Potwierdziła się oto zasada, że historia lubi się powtarzać. To wprawdzie nie jest powrót do zimnej wojny, ale w najlepszym wypadku początek zimnego pokoju.
Rosja wraca do polityki otwarcie imperialnej, opartej na założeniu, że siła zbrojna może zastąpić siłę argumentów. Europa nie była gotowa na takie starcie, bo uwierzyła w to, że bankowcy są potężniejsi od czołgistów.

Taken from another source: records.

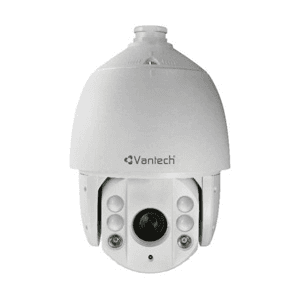 Ảnh Camera IP VanTech VP-2R0732HP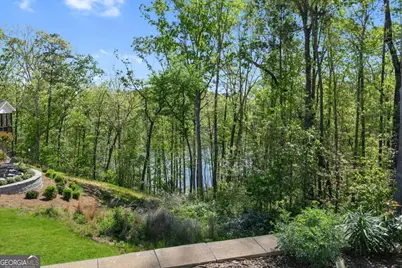 203A Sunshower Ridge, Canton, GA 30114 - Photo 48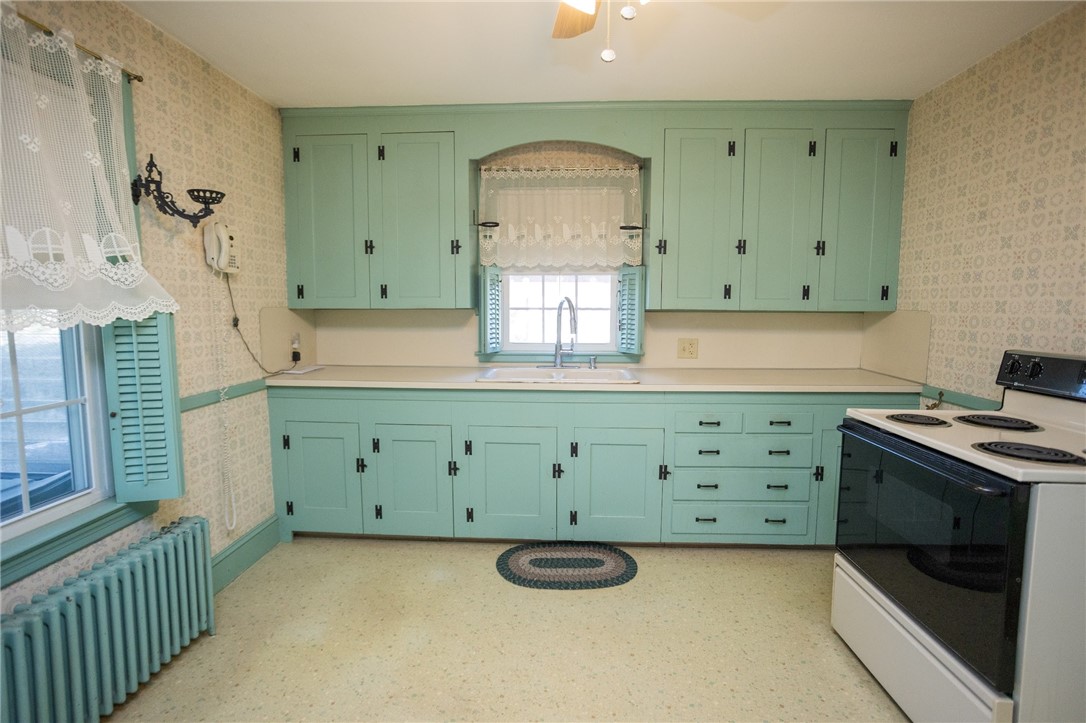 75 Parker Street Lincoln, RI 02865 - Photo 6 of 29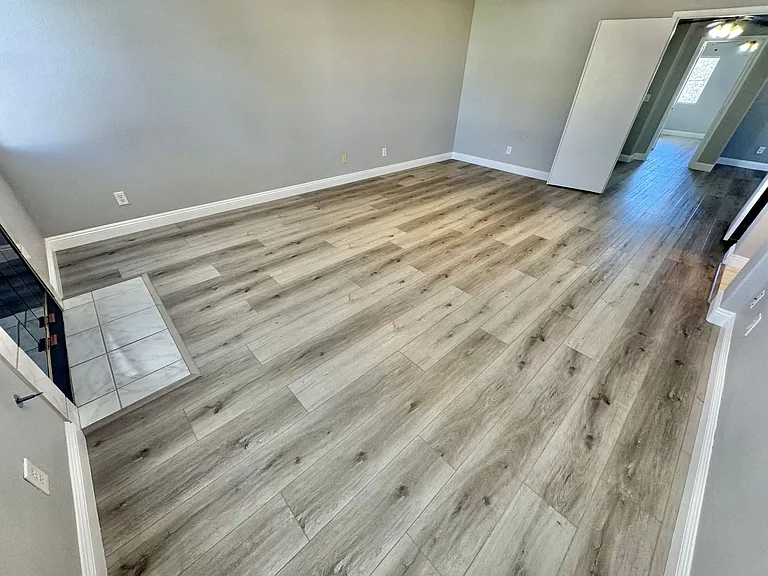 5388 Runningbrook Rd — Photo 17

Potrzebujemy dziś Ameryki jak nigdy wcześniej po 1989 roku. Potrzebujemy sojusznika, który prowadzi politykę zagraniczną opartą na wartościach nam bliskich. Dzisiejsza Rosja znów kojarzy nam się z dyktaturą i zniewoleniem umysłu, Ameryka zaś ponownie stała się symbolem wolności.
Po zakończeniu zimnej wojny Amerykanie odwrócili się od Europy. Skierowali spojrzenia na Azję, Amerykę Południową, Afrykę.
Teraz znów potrzebni są sowietolodzy, wyszukuje się ich gdzieś na emeryturach i w zakurzonych korytarzach prowincjonalnych uniwersytetów. Europa stoi w obliczu zagrożenia ze Wschodu. Władimir Putin dokonał niemożliwego – obudził z letargu ludzi, którzy już dawno położyli kreskę na sojuszu transatlantyckim.